◆ Instructions to follow ◆
Write out, word for word and with no pictures, each line below from the one containing "Charm de estilo" through the one containing "ケース付き118512 - 3", both included, and no other line.
** Opening Information provided block **
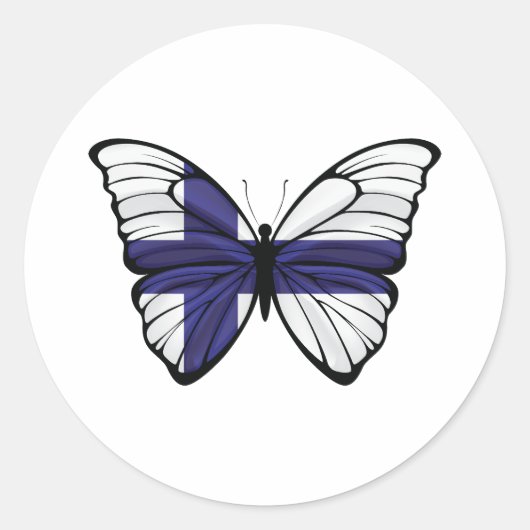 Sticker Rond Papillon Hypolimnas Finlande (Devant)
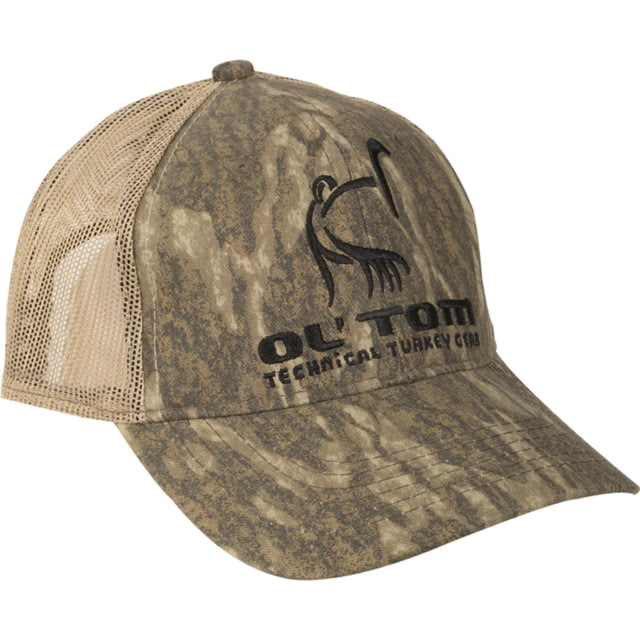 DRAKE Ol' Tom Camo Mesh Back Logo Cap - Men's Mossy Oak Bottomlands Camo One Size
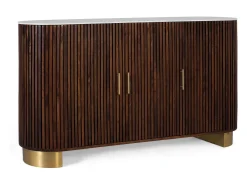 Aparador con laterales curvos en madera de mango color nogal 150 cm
** Closing Information provided block **
** Opening Information provided block **
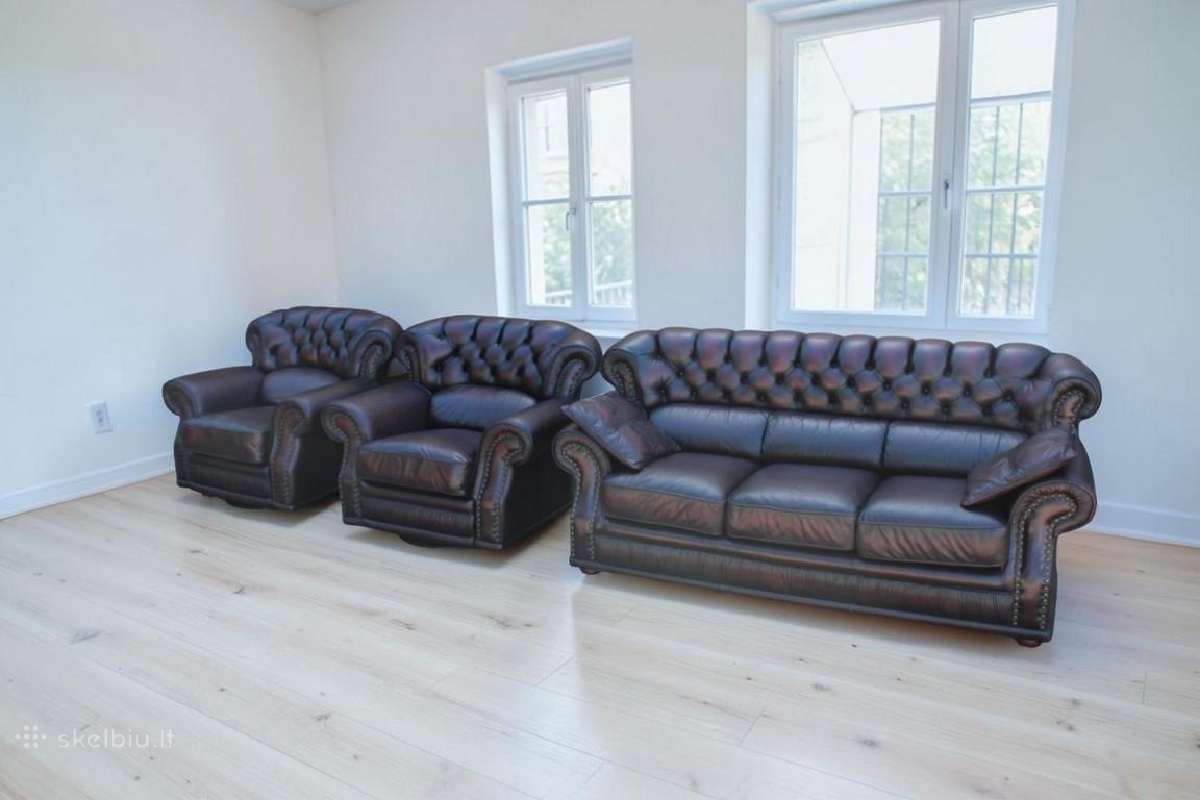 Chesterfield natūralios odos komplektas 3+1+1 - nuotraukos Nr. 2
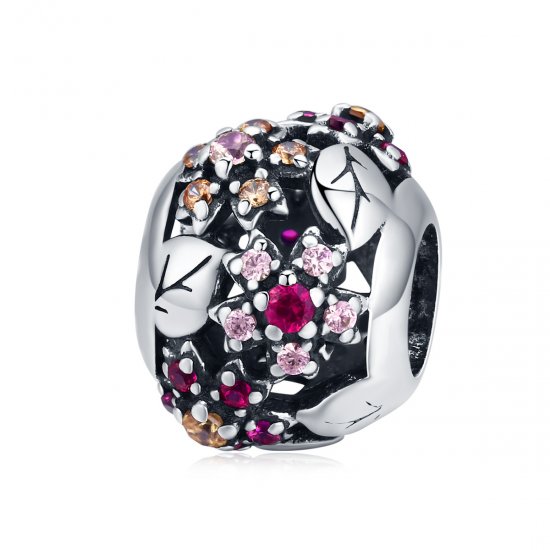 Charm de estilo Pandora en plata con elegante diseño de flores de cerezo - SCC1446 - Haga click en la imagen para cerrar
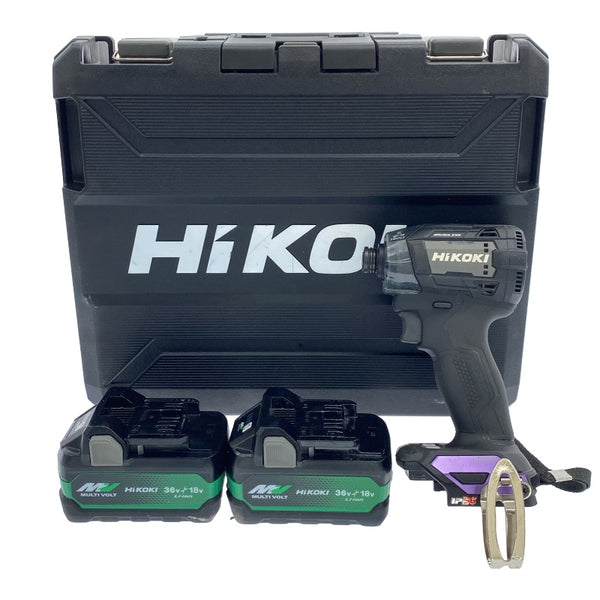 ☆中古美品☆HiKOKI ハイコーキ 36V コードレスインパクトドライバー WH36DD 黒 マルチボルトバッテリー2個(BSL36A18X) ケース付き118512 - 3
** Closing Information provided block **
** Opening Information provided block **
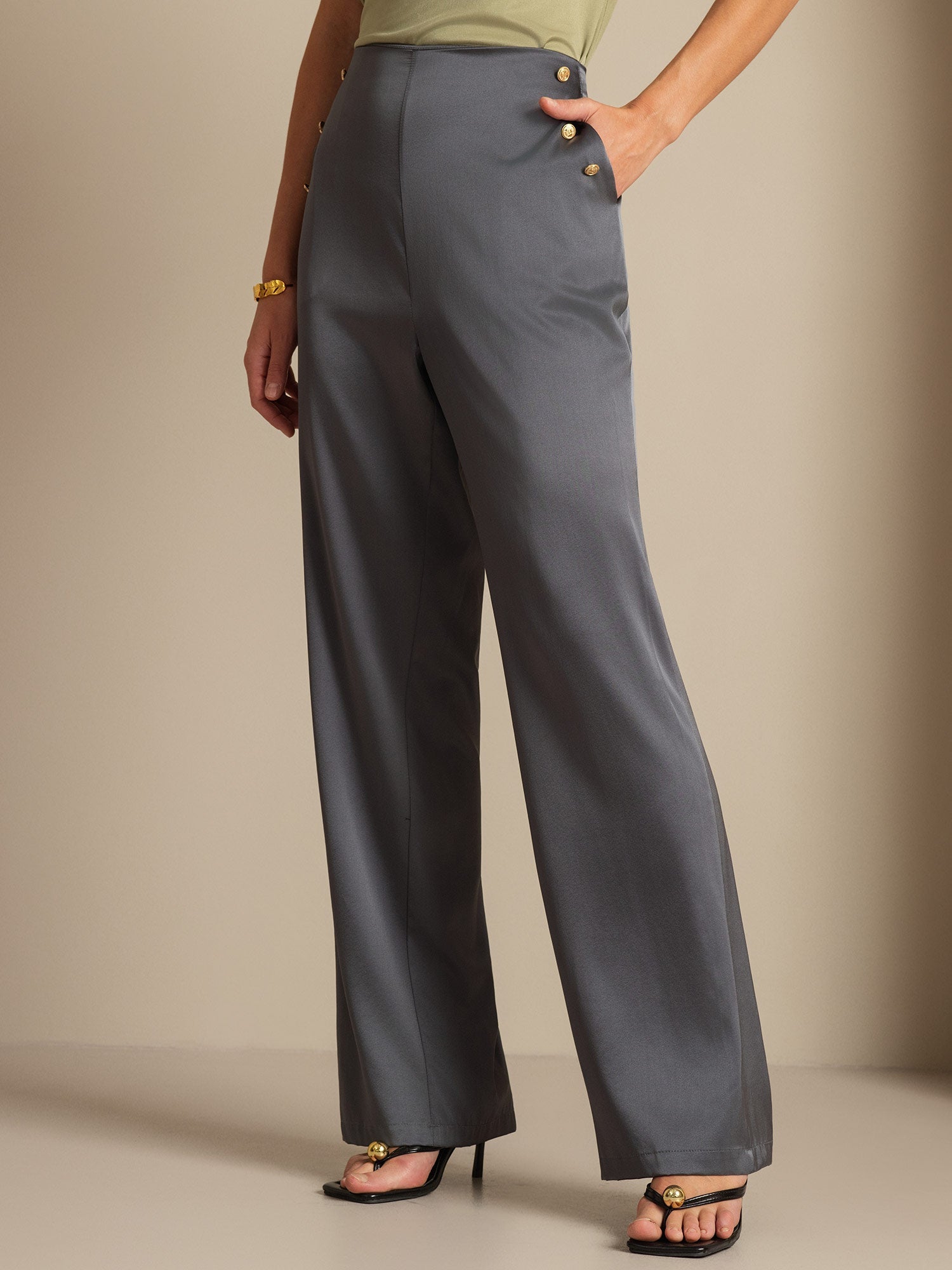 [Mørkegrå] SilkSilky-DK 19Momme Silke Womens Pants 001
** Closing Information provided block **
◆ Reply to the exercise ◆
 Charm de estilo Pandora en plata con elegante diseño de flores de cerezo - SCC1446 - Haga click en la imagen para cerrar
 ☆中古美品☆HiKOKI ハイコーキ 36V コードレスインパクトドライバー WH36DD 黒 マルチボルトバッテリー2個(BSL36A18X) ケース付き118512 - 3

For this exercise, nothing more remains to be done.